После написания покаянного письма Михаил весь день провалялся на койке.

Уже хотелось разорвать ту бумагу – да снесли ее тотчас же, как была закончена работа.

Лакей доставил тревожнейшие новости: Раевский арестован, сидит на гауптвахте, и выйдет ему наказание – Сибирь[26].

– Quelle honte ! C`est la fin de notre amitiè. Svyatoslav ne me pardonnera jamais une trahison, – прошептал Михаил. Щеки его пылали[27].

Через месяц все полностью прояснилось.

– По воле государя Лермонтов Михаил Юрьевич переводится из лейб-гвардии Гусарского полка в Нижегородский драгунский полк, что стоит на Кавказе, – зачитал из бумаги тот самый торжественно-глуповатый жандарм.

«Умру под пулями горцев, – решил Лермонтов, мрачно представляя свое бездыханное тело, обитый черным бархатом гроб и безутешных родных. – Только так могу я искупить свою вину перед Раевским. От меня все равно не много пользы, только страдания и беды я всем несу. Но от того, что я – причина чужих несчастий, я не менее несчастлив...»

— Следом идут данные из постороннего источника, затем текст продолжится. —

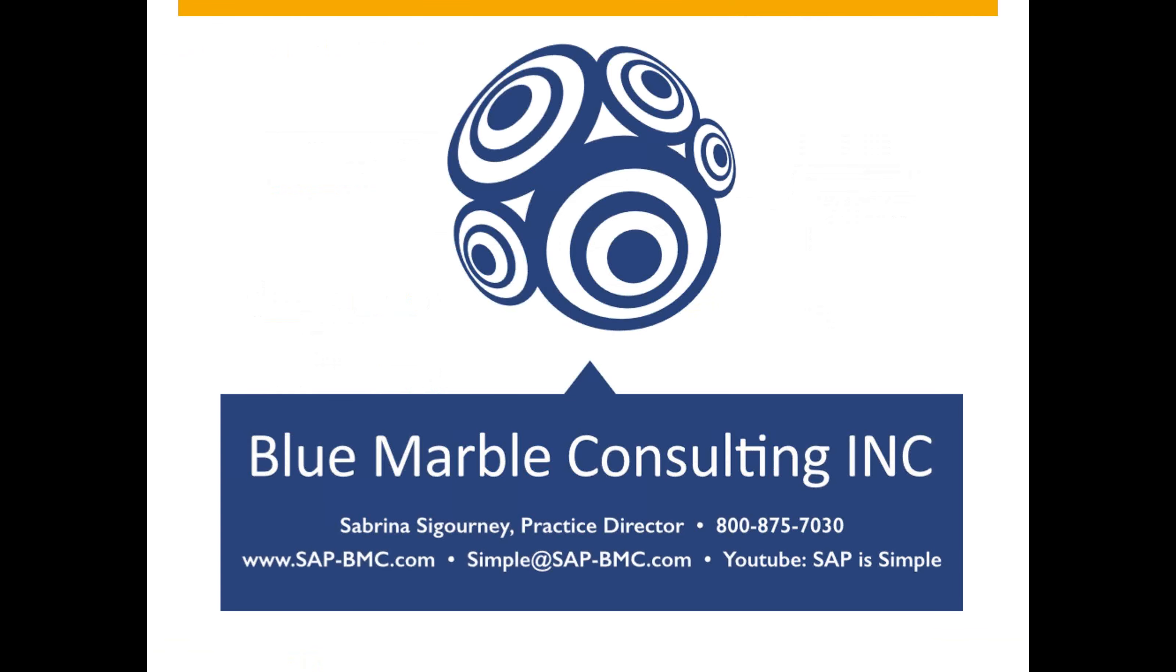So this is our contact page. Please contact Blue Marble Consulting regarding more information on SAP S4 HANA, Simple Finance, or MindTickle. Sabrina Sigourney is our practice director and she can be reached at our 800 number, which is 1-800-875-7030, or you can contact us at simple@sap-bmc.com.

Однако же ни пуль горцев, ни службы в полку – ничего подобного не было.

Дорога оказалась такой утомительной, что в Пятигорске из кареты слуги были вынуждены выносить Михаила на руках.

Руководство полка решило направить Лермонтова не на передовую, а лечиться целебными минеральными водами...

* * *

Обеим «туфелькам» оказалось лет по двадцать пять. Я на такой возрастной отметке сияла бы ого-го как! А они грустили. Не из-за произошедшего. По жизни. Для того чтобы наметились глубокие русла скорбных морщинок, одного горюшка мало, надо здорово израниться осколками разбитых надежд.